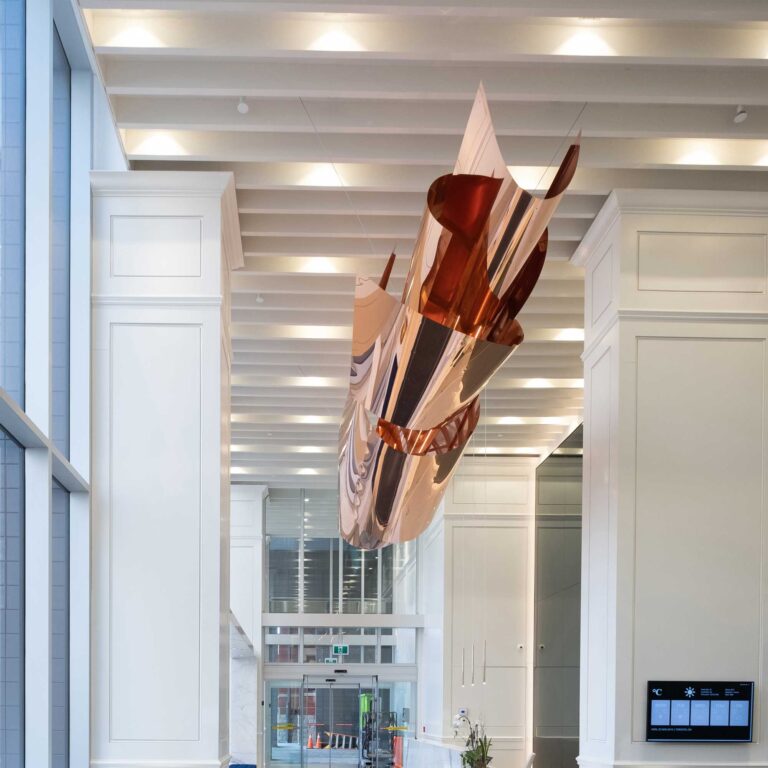 The undulating layers of the copper sculpture shine against the ridged ceiling.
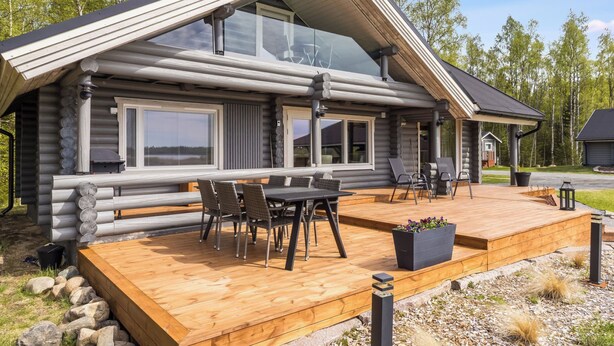 A log cabin with a deck, outdoor seating, and a large window.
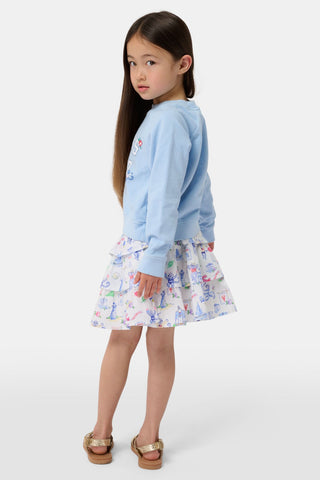 A young girl stands against a plain white background wearing a light blue crewneck sweatshirt that reads “Marthas Vineyard with Roller Rabbit Est. 03,” paired with the Roller Rabbit Kids Monkey On The Vineyard Sami Skirt—a white tiered cotton mini featuring colorful seaside monkey illustrations—and gold sandals.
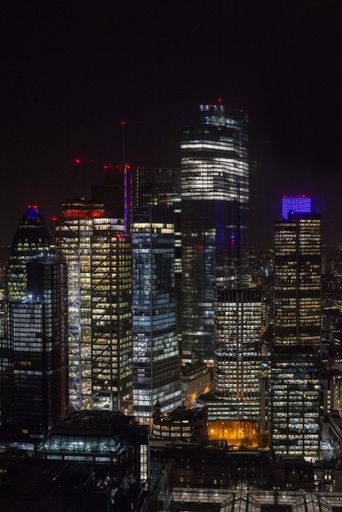 A vertical picture of modern skyscrapers with lights under a night sky in London, the Broadgate tower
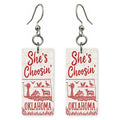 Red Wildlife — She's Choosing earrings, shown as a pair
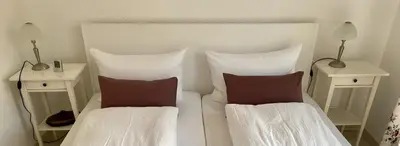 Ein Bett oder Betten in einem Zimmer der Unterkunft Lodge 2 Bad Harzburg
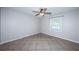 Comfortable bedroom with tile flooring, a ceiling fan, and a bright window at 5196 Beach Se Dr # B, St Petersburg, FL 33705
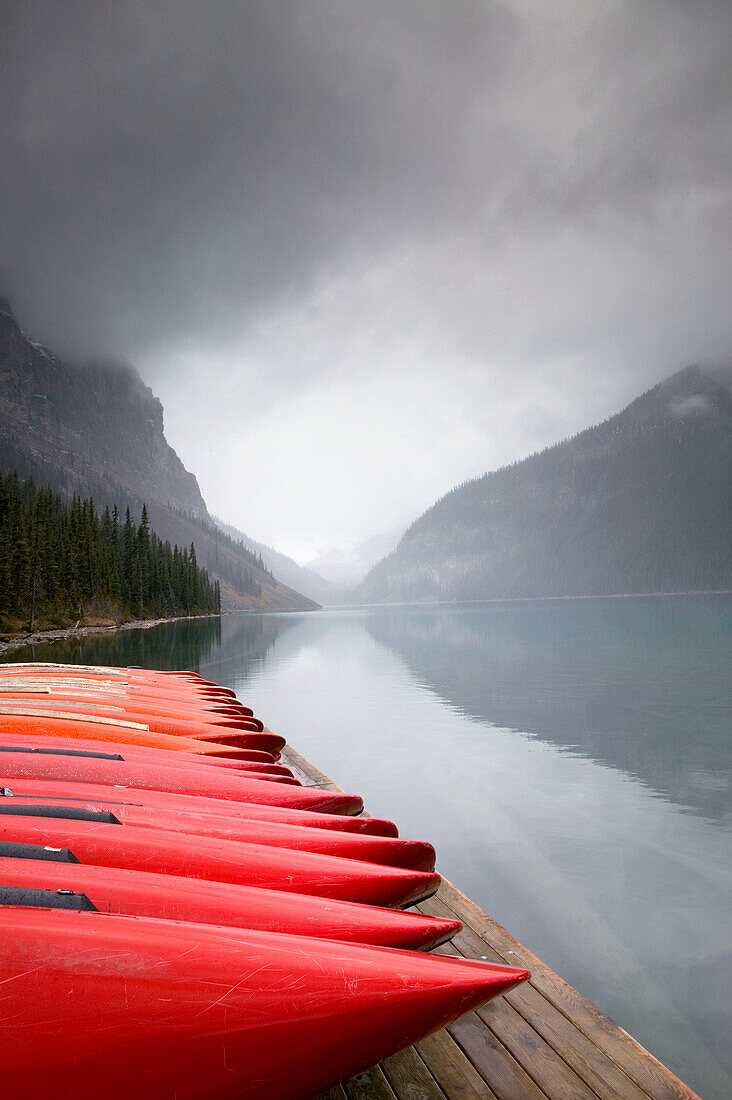 Red canoes and lake in early winter. Lake Louise, Banff National Park. Alberta, Canada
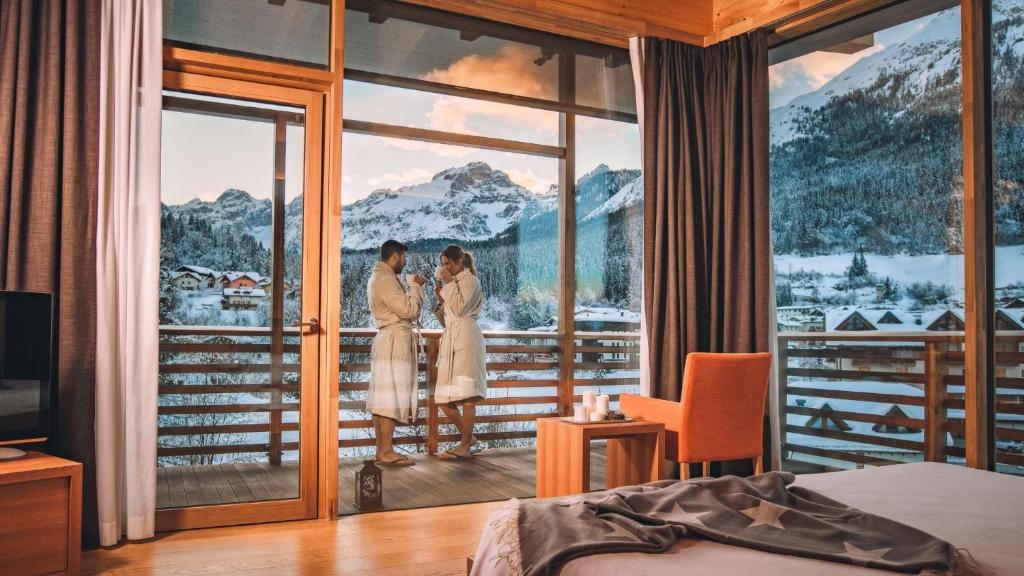 Dos mujeres de pie en un balcón en una habitación de hotel en Corona Dolomites Hotel, en Andalo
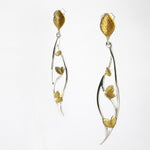 Hanging leaf earrings in gold and silver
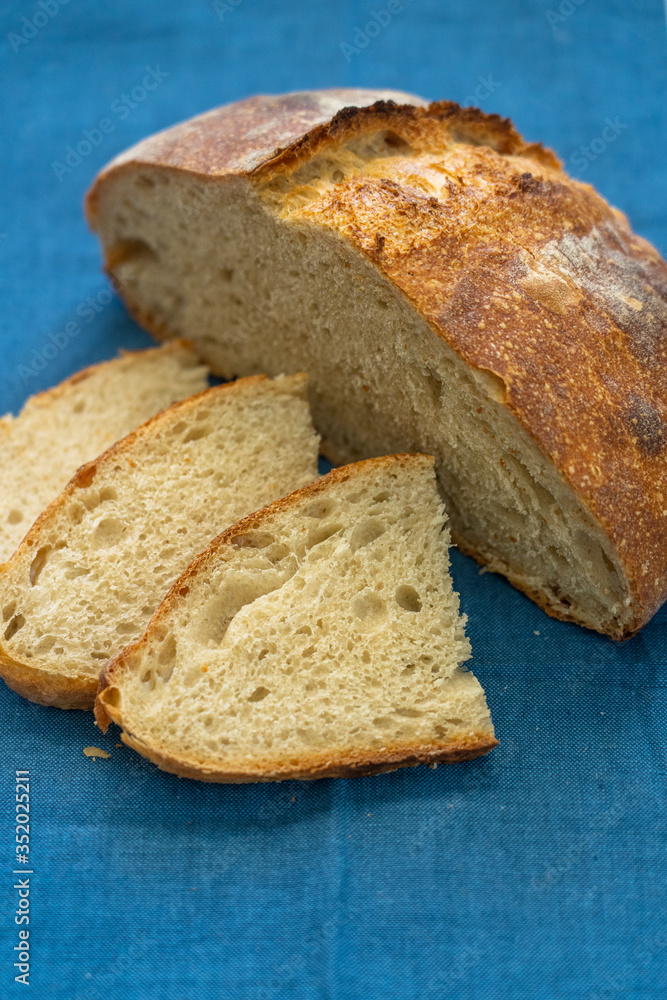 Sliced boule (round loaf) of freshly baked sourdough bread Sliced boule (round loaf) of freshly baked sourdough bread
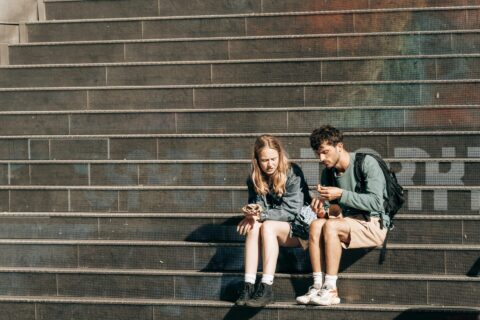 Twee jongeren zitten op een trap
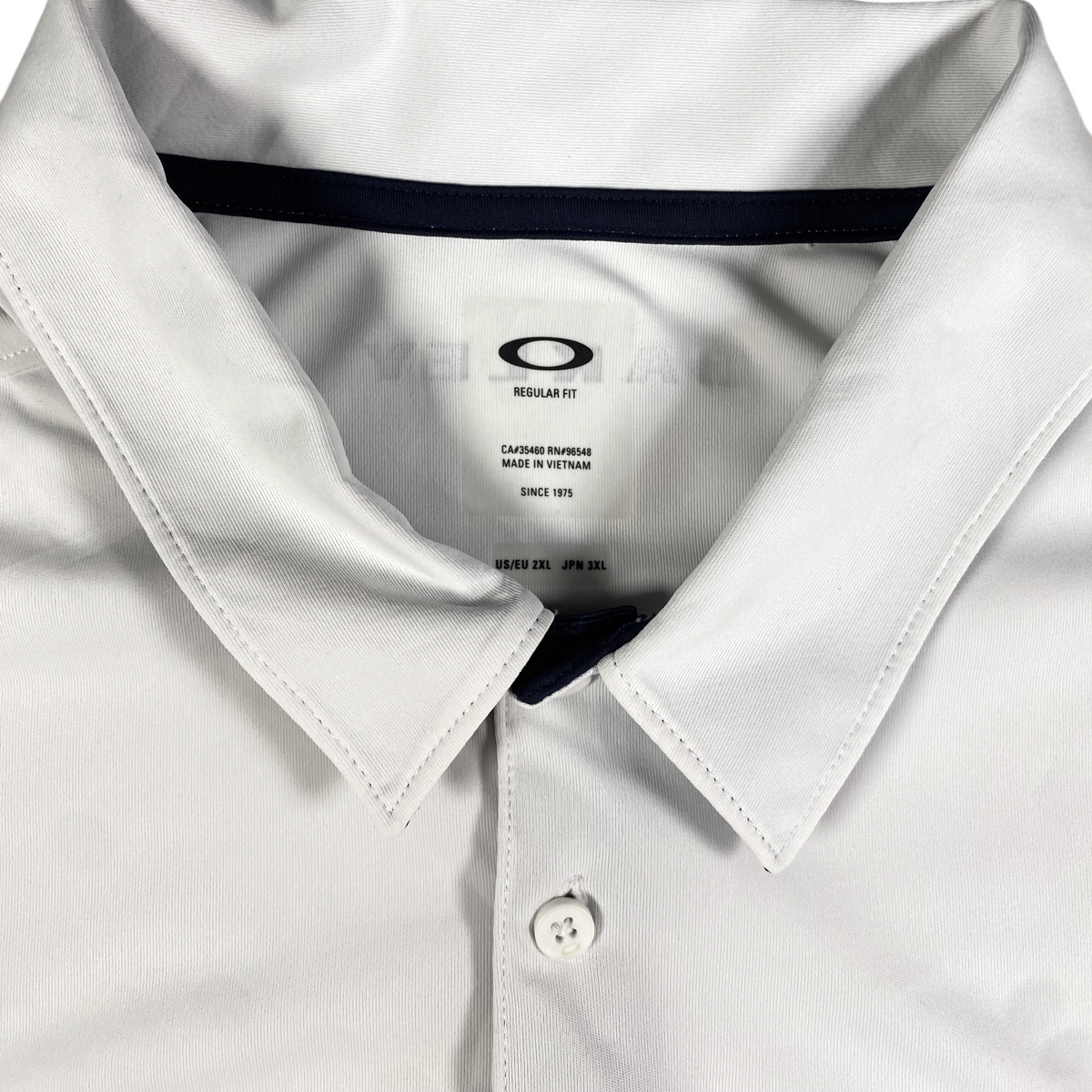 Digg It Thrift & Vintage white Oakley athletic golf polo shirt with collar and button placket, size 2XL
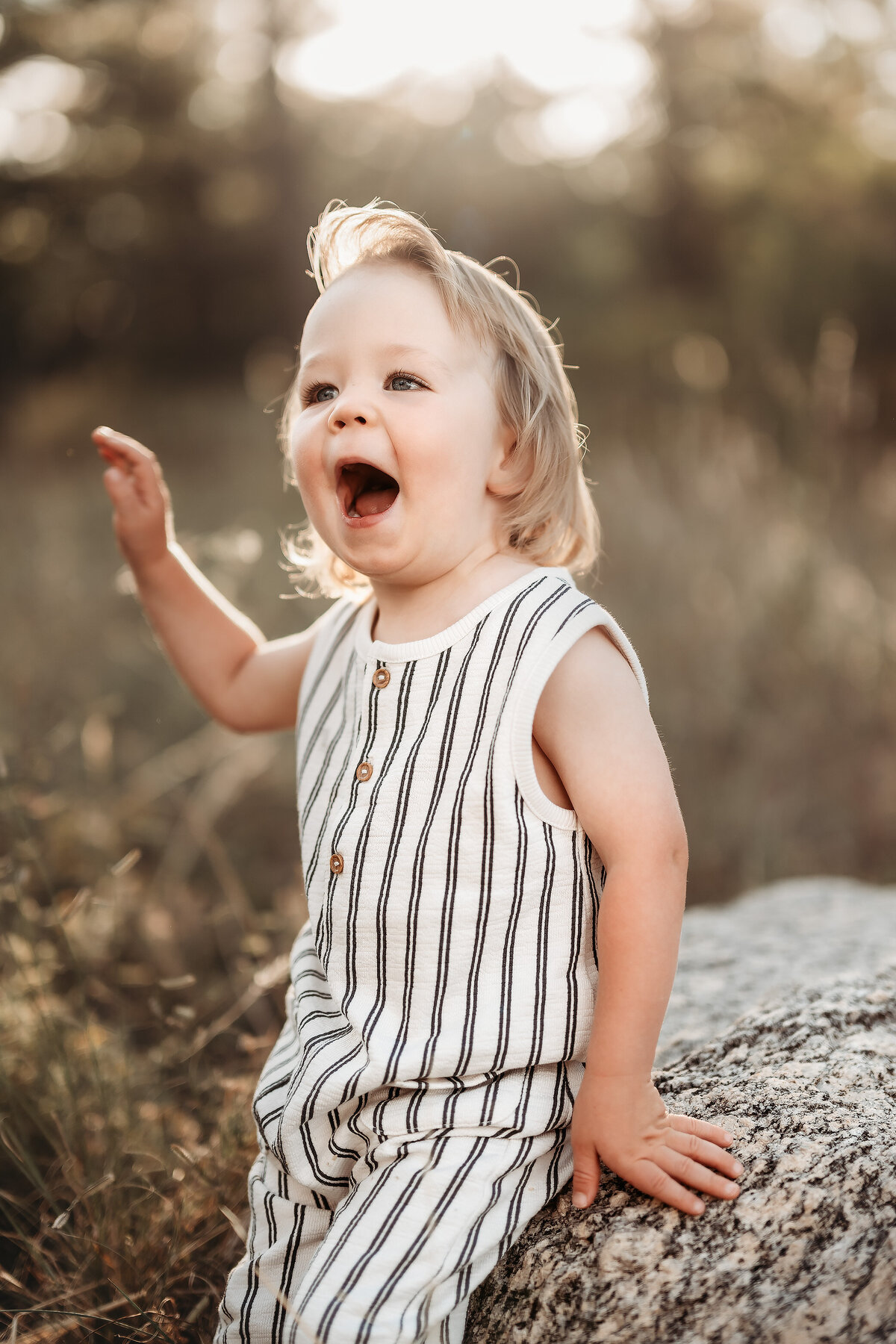 boy leaning on rock wearing striped romper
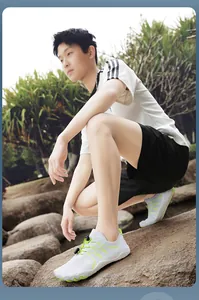 Asian male model wearing white breathable quick-dry water shoes on outdoor natural rocks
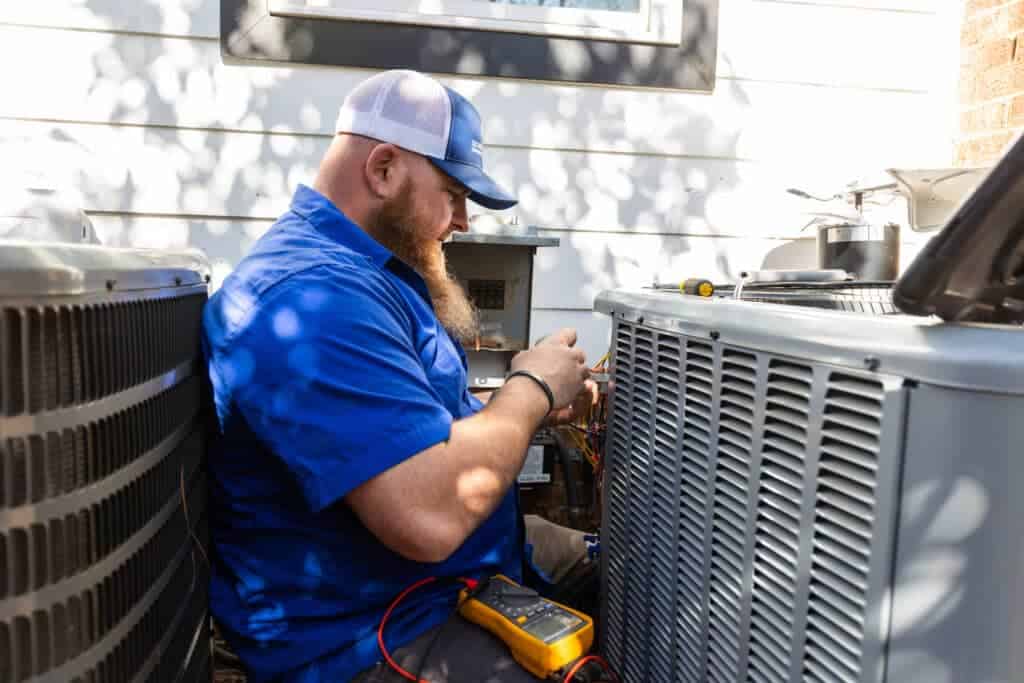 A technician with a long beard wearing a blue shirt and cap is repairing an air conditioning unit outdoors between two large AC units, with his tools and a digital multimeter nearby.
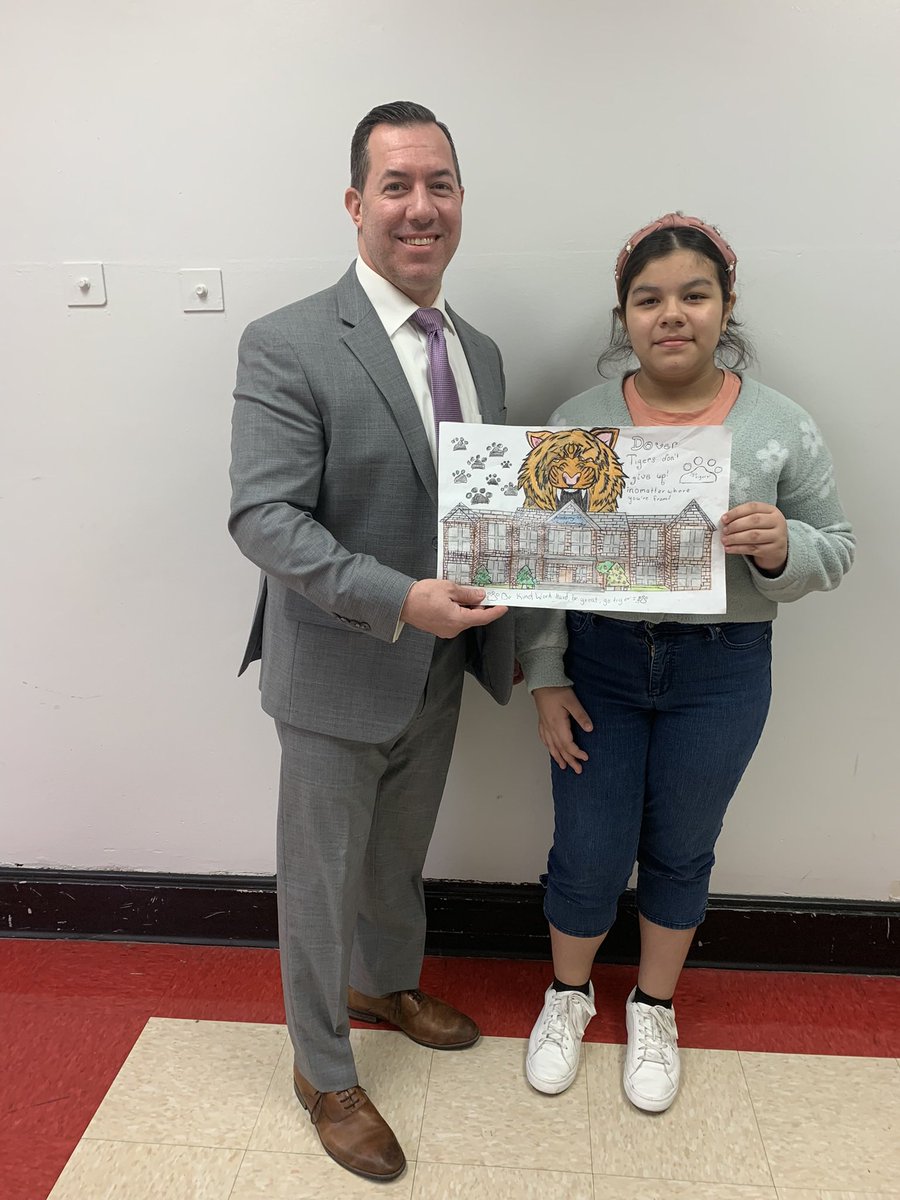 Nick_EdwardsEDU's tweet photo. Our winner for our Enrichment School Flag Competition! We will get this beautiful piece of art designed on a real flag and hang this in our gymnasium! @AcademyStreetES @PublicDover #winner #flag #gotigers #bekindworkhardbegreat #acadeMYschool https://t.co/qiCgelgFXO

▶ Task brief
Once the line holding "Ein Bett oder" is found, copy it and each later line exactly through the end of the data, leaving out the pictures.

▶ Expected answer
 Ein Bett oder Betten in einem Zimmer der Unterkunft Lodge 2 Bad Harzburg
 Comfortable bedroom with tile flooring, a ceiling fan, and a bright window at 5196 Beach Se Dr # B, St Petersburg, FL 33705
 Red canoes and lake in early winter. Lake Louise, Banff National Park. Alberta, Canada
 Dos mujeres de pie en un balcón en una habitación de hotel en Corona Dolomites Hotel, en Andalo
 Hanging leaf earrings in gold and silver
 Sliced boule (round loaf) of freshly baked sourdough bread Sliced boule (round loaf) of freshly baked sourdough bread
 Twee jongeren zitten op een trap
 Digg It Thrift & Vintage white Oakley athletic golf polo shirt with collar and button placket, size 2XL
 boy leaning on rock wearing striped romper
 Asian male model wearing white breathable quick-dry water shoes on outdoor natural rocks
 A technician with a long beard wearing a blue shirt and cap is repairing an air conditioning unit outdoors between two large AC units, with his tools and a digital multimeter nearby.
 Nick_EdwardsEDU's tweet photo. Our winner for our Enrichment School Flag Competition! We will get this beautiful piece of art designed on a real flag and hang this in our gymnasium! @AcademyStreetES @PublicDover #winner #flag #gotigers #bekindworkhardbegreat #acadeMYschool https://t.co/qiCgelgFXO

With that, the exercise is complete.